There were significantly increased relative liver weights in males receiving 300 or 3000 ppm.
In 3000 ppm females slightly increased absolute and relative weights of the adrenals were observed (each p < 0.01).
Statistically significantly decreased absolute weights of the epididymis, testis, prostate at 3000 ppm and of the brain in male and female rats at 3000 ppm are attributed to differences in body weights.
There were decreased absolute spleen weights in 300 and 3000 ppm males, most likely due to decreased body weights as relative spleen weights were unaffected.

See Attachment 4 for mean absolute and relative organ weights of parental F1 parental animals (attached background material).
Gross pathological findings:
effects observed, treatment-related
Description (incidence and severity):
Eye opacities were noted in one 300 ppm male and fourteen 3000 ppm males as well as in two 3000 ppm females.
Neuropathological findings:
not examined
Description (incidence and severity):
Not applicable.
Histopathological findings: non-neoplastic:
effects observed, treatment-related
Description (incidence and severity):
The eyes of parental rats showed degenerative processes of the cornea (keratitis, reactive epithelial hyperplasia, vascularisation) beginning at 300 ppm and above correlating with findings seen at clinical observations, ophthalmoscopically and/or at necropsy.
In the thyroid glands treatment-related findings were evident beginning at 30 ppm.

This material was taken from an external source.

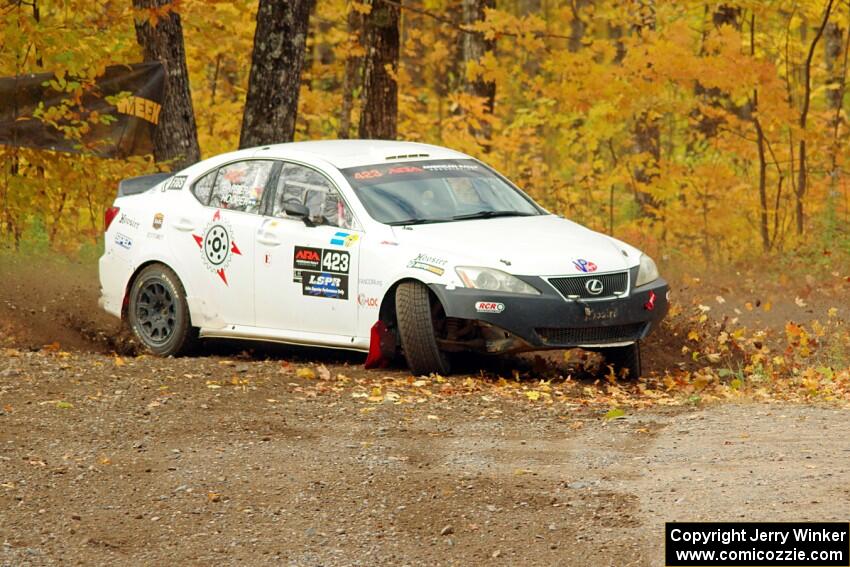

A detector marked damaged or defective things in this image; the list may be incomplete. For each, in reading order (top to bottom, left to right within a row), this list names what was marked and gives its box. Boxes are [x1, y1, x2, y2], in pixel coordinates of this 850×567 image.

damaged front bumper [428, 274, 664, 356]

They were characterized by colloidal alteration, pigment deposition in the follicular epithelium from 30 ppm onwards as well as a follicular cell hypertrophy at 300 ppm and above. In low dose females the thyroid gland was only marginally affected. In the absence of functional changes to the thyroid or progression to further histopathological changes at this dose, these findings are regarded to be non-adverse.

Further findings in the pituitary gland, kidneys and liver were only noticed in males:
In the anterior part of the pituitary gland of males treated at 300 ppm there was an increase in the number of eosinophilic inclusions.
The liver of 300 and 3000 ppm males was showing hepatocellular hypertrophy and cytoplasmic change indicating an increased metabolic activity induced by the test compound. However, there was also a slightly increased periportal fat accumulation in high dose males.
In males treated at 300 ppm and above signs of an enhanced aging process ("early progressive nephropathy") were evident. This was concluded, because incidence and/or grade of basophilic tubules, tubular dilation with hyaline casts increased by dose. In most cases (thyroid, liver and kidneys) these findings were correlated with changes in organ weights in males.

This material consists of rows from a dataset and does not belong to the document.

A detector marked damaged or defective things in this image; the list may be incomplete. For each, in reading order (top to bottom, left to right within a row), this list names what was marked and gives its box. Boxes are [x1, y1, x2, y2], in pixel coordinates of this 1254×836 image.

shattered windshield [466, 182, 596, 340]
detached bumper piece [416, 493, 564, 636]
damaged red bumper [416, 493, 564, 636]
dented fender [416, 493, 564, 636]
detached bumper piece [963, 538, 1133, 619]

Histopathology of reproduction organs inclusive ovarian follicle stages revealed no treatment effect.

See Attachment 9 for histopathological findings in F1 parental animals (attached background material).
Histopathological findings: neoplastic:
no effects observed
Other effects:
not examined
Description (incidence and severity):
Not applicable.

Reproductive function / performance (P1)

Reproductive function: oestrous cycle:
no effects observed
Reproductive function: sperm measures:
no effects observed
Reproductive performance:
effects observed, non-treatment-related
Description (incidence and severity):
No treatment-related effects on reproduction performance were noted at any dose.
Insemination and fertility indices as well as gestation length and number of litters born were not changed by the treatment up to 3000 ppm.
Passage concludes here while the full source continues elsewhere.